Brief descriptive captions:

>>>>

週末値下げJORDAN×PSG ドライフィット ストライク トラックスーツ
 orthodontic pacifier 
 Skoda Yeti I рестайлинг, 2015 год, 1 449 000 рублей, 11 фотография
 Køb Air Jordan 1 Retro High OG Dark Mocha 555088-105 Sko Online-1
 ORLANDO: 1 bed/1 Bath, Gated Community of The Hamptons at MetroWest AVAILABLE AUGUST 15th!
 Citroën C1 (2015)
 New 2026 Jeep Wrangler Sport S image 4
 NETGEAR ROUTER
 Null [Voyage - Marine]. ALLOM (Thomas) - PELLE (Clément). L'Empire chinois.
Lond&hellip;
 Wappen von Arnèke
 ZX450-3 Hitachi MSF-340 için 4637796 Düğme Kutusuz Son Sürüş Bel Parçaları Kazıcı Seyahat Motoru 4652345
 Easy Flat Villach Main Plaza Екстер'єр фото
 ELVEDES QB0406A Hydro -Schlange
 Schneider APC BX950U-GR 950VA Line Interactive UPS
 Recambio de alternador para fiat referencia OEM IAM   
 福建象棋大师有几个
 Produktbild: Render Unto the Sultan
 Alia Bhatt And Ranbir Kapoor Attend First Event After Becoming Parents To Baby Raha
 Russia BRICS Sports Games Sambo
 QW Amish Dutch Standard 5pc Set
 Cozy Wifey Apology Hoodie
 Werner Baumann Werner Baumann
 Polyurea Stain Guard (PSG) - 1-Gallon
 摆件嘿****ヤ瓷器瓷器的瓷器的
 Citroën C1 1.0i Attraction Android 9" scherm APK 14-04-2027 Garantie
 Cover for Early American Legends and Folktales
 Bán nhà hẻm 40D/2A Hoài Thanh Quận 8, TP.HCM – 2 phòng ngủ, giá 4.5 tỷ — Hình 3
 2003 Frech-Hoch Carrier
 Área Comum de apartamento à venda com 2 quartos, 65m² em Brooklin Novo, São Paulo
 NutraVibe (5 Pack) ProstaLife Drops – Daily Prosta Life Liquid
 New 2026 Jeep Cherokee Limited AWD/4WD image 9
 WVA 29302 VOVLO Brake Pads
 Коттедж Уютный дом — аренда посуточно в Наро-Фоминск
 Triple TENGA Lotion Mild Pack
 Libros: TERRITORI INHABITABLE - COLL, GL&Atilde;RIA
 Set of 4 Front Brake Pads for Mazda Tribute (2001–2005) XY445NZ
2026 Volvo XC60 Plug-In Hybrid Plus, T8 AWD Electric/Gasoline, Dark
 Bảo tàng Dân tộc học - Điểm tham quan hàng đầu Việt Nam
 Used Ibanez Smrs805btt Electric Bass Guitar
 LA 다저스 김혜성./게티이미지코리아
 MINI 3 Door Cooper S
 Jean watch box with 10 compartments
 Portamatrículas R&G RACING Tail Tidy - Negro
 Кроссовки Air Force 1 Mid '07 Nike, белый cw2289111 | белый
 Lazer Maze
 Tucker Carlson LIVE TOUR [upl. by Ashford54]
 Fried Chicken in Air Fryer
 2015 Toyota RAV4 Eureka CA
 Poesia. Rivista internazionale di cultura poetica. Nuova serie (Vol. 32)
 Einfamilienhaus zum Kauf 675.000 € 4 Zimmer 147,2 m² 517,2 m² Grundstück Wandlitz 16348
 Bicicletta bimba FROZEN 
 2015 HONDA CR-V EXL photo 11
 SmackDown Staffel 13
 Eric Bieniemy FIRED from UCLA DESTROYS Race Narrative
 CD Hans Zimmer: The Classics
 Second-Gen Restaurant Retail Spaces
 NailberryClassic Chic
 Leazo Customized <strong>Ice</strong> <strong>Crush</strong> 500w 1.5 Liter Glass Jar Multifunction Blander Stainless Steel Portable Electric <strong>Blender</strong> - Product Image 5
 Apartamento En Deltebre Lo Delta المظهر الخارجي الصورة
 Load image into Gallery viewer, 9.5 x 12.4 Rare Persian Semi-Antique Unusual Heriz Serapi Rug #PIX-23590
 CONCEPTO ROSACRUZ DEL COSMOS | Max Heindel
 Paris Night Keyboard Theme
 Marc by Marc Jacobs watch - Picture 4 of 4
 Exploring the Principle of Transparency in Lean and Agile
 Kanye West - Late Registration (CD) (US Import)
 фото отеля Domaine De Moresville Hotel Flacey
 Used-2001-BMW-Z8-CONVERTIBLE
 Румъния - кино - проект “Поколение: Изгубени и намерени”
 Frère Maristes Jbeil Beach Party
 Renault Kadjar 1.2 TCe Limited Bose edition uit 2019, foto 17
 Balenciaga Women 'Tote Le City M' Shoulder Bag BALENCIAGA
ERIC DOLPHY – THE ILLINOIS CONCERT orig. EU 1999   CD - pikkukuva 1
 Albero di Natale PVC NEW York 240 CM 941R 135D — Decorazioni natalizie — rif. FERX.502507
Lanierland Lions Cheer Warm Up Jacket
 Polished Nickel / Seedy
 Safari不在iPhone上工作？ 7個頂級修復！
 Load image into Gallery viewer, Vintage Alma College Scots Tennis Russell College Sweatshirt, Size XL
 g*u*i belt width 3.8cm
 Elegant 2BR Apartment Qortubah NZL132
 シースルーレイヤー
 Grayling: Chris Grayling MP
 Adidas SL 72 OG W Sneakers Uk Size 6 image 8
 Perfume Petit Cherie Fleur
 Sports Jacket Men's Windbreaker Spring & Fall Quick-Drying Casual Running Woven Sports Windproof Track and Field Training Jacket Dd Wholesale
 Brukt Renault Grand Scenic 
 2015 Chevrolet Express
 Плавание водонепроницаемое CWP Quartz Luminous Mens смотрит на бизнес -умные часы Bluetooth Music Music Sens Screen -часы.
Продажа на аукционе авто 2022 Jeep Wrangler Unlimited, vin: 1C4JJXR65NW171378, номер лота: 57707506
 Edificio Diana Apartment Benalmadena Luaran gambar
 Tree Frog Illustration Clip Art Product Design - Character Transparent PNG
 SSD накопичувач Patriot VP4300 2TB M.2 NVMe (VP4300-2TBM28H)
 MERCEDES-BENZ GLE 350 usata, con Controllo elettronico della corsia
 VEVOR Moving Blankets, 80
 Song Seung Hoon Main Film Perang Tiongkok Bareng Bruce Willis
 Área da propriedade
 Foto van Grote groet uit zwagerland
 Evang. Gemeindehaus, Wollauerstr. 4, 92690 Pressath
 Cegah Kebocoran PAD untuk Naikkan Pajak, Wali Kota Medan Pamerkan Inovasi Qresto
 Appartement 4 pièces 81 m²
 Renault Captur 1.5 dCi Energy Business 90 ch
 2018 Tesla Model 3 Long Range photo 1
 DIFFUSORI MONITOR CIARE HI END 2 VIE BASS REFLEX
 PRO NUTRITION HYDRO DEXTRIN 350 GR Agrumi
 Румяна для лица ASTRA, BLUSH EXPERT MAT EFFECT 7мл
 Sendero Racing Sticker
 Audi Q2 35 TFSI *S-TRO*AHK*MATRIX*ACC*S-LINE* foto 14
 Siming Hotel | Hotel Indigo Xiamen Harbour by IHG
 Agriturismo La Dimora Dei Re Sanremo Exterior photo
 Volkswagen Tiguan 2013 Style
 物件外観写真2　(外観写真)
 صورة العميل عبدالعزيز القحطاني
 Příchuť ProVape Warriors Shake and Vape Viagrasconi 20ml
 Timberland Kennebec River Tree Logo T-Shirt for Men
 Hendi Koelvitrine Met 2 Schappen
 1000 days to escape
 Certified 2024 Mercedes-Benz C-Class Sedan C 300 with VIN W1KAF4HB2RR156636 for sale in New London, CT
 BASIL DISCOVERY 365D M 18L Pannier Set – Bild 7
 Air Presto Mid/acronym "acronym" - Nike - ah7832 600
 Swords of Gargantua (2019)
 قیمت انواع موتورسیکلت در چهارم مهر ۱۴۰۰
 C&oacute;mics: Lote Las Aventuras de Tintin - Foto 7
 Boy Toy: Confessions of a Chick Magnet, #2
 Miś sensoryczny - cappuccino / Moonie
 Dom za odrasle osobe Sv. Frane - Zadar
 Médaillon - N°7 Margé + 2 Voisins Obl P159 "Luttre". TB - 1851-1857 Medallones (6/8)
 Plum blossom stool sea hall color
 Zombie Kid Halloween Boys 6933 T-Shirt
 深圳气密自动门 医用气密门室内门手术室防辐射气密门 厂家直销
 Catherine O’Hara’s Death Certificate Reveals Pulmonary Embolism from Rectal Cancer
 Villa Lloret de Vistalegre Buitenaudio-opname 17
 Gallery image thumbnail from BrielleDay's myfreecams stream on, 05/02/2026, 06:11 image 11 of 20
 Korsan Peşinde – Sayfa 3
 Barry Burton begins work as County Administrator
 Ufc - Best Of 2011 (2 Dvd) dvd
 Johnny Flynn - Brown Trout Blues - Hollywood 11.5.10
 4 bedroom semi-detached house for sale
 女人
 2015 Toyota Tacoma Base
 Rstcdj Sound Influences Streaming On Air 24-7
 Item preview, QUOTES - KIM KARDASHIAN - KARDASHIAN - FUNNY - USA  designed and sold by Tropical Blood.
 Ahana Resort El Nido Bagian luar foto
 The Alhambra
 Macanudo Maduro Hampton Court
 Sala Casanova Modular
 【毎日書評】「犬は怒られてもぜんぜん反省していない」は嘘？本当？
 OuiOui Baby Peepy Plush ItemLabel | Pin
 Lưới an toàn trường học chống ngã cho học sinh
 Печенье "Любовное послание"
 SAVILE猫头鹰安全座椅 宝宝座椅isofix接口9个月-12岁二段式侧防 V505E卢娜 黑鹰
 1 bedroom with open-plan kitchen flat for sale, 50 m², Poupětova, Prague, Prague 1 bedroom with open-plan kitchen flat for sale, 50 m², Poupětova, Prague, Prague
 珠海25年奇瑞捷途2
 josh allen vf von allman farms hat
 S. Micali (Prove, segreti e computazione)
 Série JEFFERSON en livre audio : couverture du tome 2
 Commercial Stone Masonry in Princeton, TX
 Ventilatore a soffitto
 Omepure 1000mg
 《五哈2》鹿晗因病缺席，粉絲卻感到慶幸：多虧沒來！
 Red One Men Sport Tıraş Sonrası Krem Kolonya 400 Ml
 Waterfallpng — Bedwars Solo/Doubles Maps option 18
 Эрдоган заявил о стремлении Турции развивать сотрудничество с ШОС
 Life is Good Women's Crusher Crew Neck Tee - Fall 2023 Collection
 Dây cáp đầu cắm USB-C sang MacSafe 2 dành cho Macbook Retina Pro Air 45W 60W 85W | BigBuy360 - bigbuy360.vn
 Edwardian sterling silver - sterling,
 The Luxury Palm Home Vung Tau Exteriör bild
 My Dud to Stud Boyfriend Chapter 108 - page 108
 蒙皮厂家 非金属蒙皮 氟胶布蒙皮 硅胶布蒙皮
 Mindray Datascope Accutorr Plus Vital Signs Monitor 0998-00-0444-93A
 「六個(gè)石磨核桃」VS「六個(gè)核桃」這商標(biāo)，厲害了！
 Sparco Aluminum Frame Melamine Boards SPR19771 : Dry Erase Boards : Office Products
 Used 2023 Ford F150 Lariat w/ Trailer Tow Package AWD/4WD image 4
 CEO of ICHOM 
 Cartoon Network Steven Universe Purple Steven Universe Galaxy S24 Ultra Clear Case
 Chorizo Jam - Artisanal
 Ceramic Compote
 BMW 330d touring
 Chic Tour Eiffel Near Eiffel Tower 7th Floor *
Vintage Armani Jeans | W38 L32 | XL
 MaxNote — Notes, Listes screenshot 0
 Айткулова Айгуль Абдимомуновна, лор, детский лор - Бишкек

<<<<

Work to be completed: When the line with "قیمت انواع موتورسیکلت در چهارم مهر ۱۴۰۰" is reached in the data above, start copying there, and copy each line exactly until the line with "Barry Burton begins" has been copied; copy nothing else.

Answer to this task:
 قیمت انواع موتورسیکلت در چهارم مهر ۱۴۰۰
 C&oacute;mics: Lote Las Aventuras de Tintin - Foto 7
 Boy Toy: Confessions of a Chick Magnet, #2
 Miś sensoryczny - cappuccino / Moonie
 Dom za odrasle osobe Sv. Frane - Zadar
 Médaillon - N°7 Margé + 2 Voisins Obl P159 "Luttre". TB - 1851-1857 Medallones (6/8)
 Plum blossom stool sea hall color
 Zombie Kid Halloween Boys 6933 T-Shirt
 深圳气密自动门 医用气密门室内门手术室防辐射气密门 厂家直销
 Catherine O’Hara’s Death Certificate Reveals Pulmonary Embolism from Rectal Cancer
 Villa Lloret de Vistalegre Buitenaudio-opname 17
 Gallery image thumbnail from BrielleDay's myfreecams stream on, 05/02/2026, 06:11 image 11 of 20
 Korsan Peşinde – Sayfa 3
 Barry Burton begins work as County Administrator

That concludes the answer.